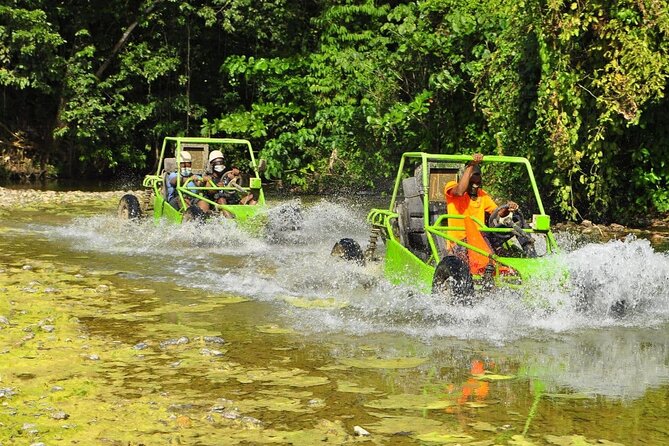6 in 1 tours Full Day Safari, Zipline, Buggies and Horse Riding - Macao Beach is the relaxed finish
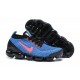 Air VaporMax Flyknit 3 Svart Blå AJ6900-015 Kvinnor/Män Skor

==

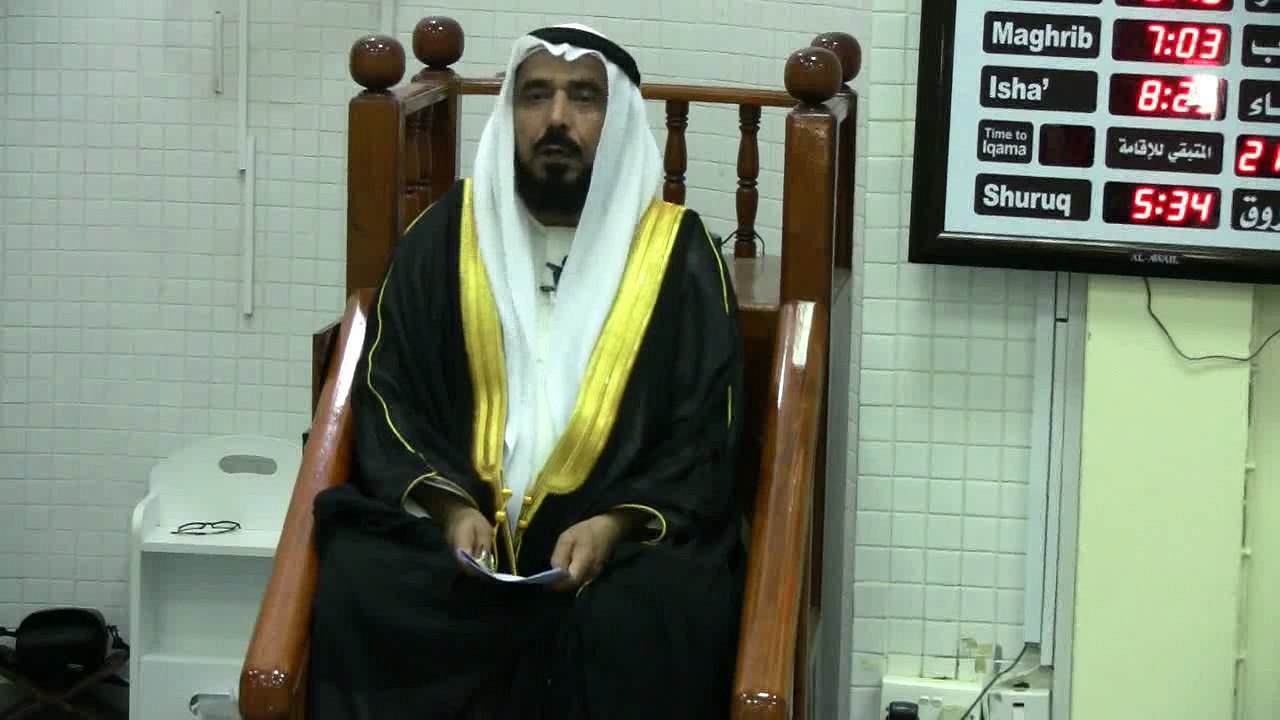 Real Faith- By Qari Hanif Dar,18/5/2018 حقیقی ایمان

Prompt — Please copy out from the data above, without any picture, exactly the lines running from the one that holds "6 in 1 tours" through the one that holds "Air VaporMax Flyknit", and nothing beyond them.

Answer to the problem —
6 in 1 tours Full Day Safari, Zipline, Buggies and Horse Riding - Macao Beach is the relaxed finish
 Air VaporMax Flyknit 3 Svart Blå AJ6900-015 Kvinnor/Män Skor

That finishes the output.